En otro taller leímos un cuento de Mariana Enríquez: “El desentierro de la Angelita”. Una bebé muerta persigue día y noche a la narradora y ella tarda en enterarse de que es su tía abuela, cuyos huesos resultaron perdidos. Les pregunté a los participantes del taller (jóvenes y niños de Manizales) si ellos habían visto muertos de día (quería que me contaran sus historias de miedo). Me respondieron: “Todos los días después de los tiroteos”. Me llevaron a pensar que los peores no son los monstruos fantásticos sino los monstruos reales: un muerto después de las balas, tirado en medio de la calle; la imagen de la sangre creando un charco rojo sobre el pavimento. El monstruo del tener que irse de la casa, del barrio, del pueblo, porque una vez más vienen los de siempre, los pacificadores, a arrasar hasta con las fantasías. Los monstruos reales matan a los fantásticos y se burlan de ellos por su inocencia.

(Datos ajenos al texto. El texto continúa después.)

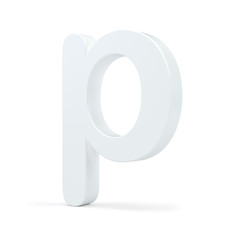White small letter P isolated on white background. 3d rendering.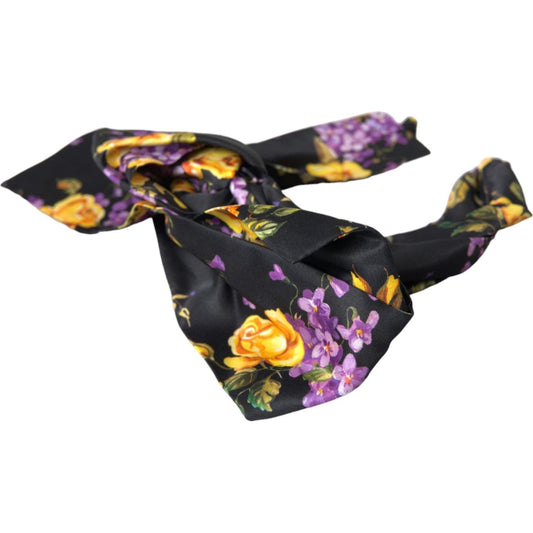 Dolce & Gabbana Black Floral Applique Silk Women Headband Diadem Dolce & Gabbana Dark Slate Gray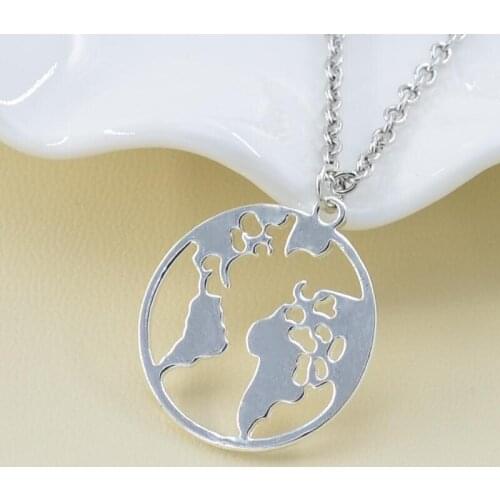 12PC Wholesale Hollow Globe Silvery World Map Metal Earth Pendant Necklace Women Girl Friend Gift Travel Outdoor Jewelry Present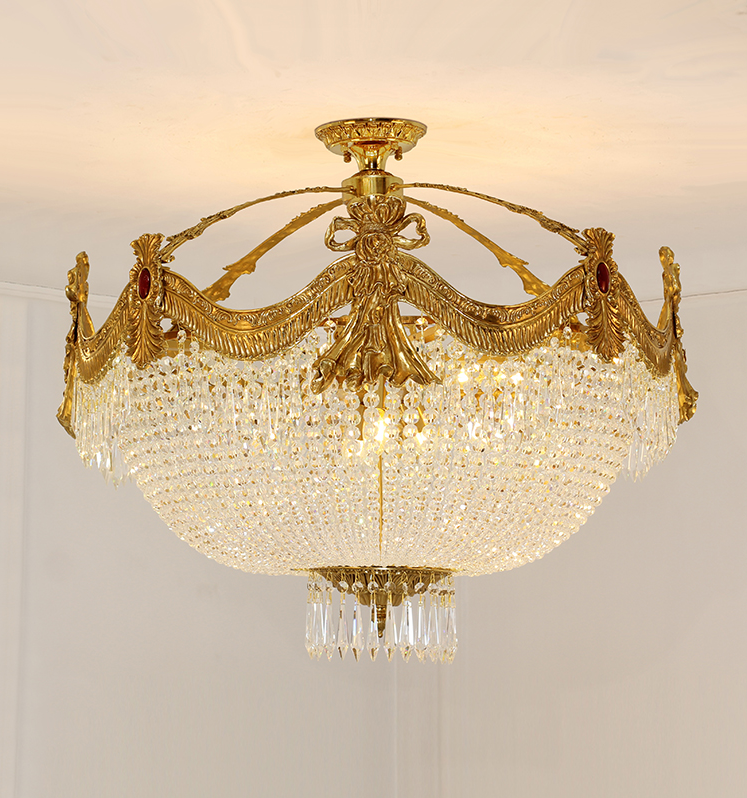 Living room high quality pure copper luxury crystal chandeliers with gold color K9 crystal chandelier ceiling lamp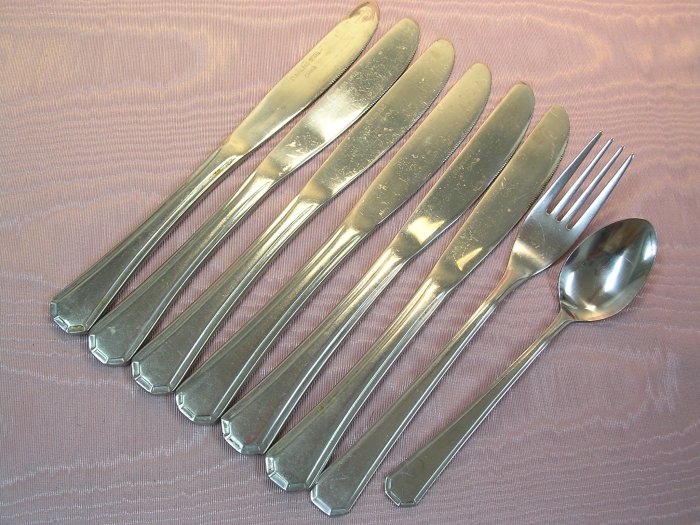 FARBERWARE CHATHAM 9pc STAINLESS FLATWARE SILVERWARE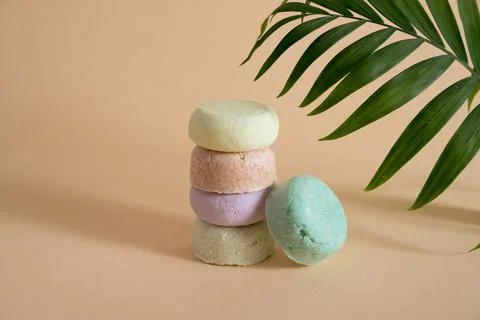 Zero waste solid shampoo Stock Photos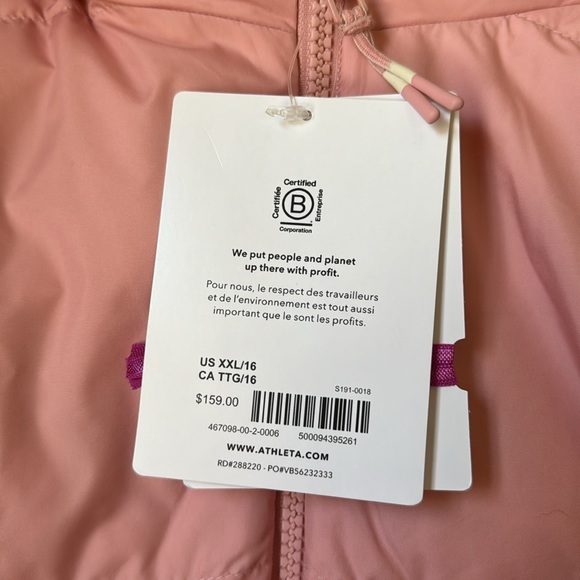 Athleta Girl (Oversized fit) Cozy Cloud Down Jacket, Size XXL/16 Aphrodite Pink - Picture 3 of 5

Uno tarda en recuperarse. Y cree que puede escribir una columna que bien podría ser un tuit. Y uno insiste (¿por vanidad, por desocupe, por desespero?), y se pregunta: si no hay nada más personal que las propias fantasías, ¿qué pasa cuando no hay fantasías, o cuando la única fantasía es la grieta del tablero, el pantalón colgado como una ausencia, el recuerdo de una cancha de fútbol convertida en arrume de piernas con las botas al revés? Tal vez ahí la escritura no sirva para nada. O tal vez sí: para saber que esas fantasías reales también son escritura.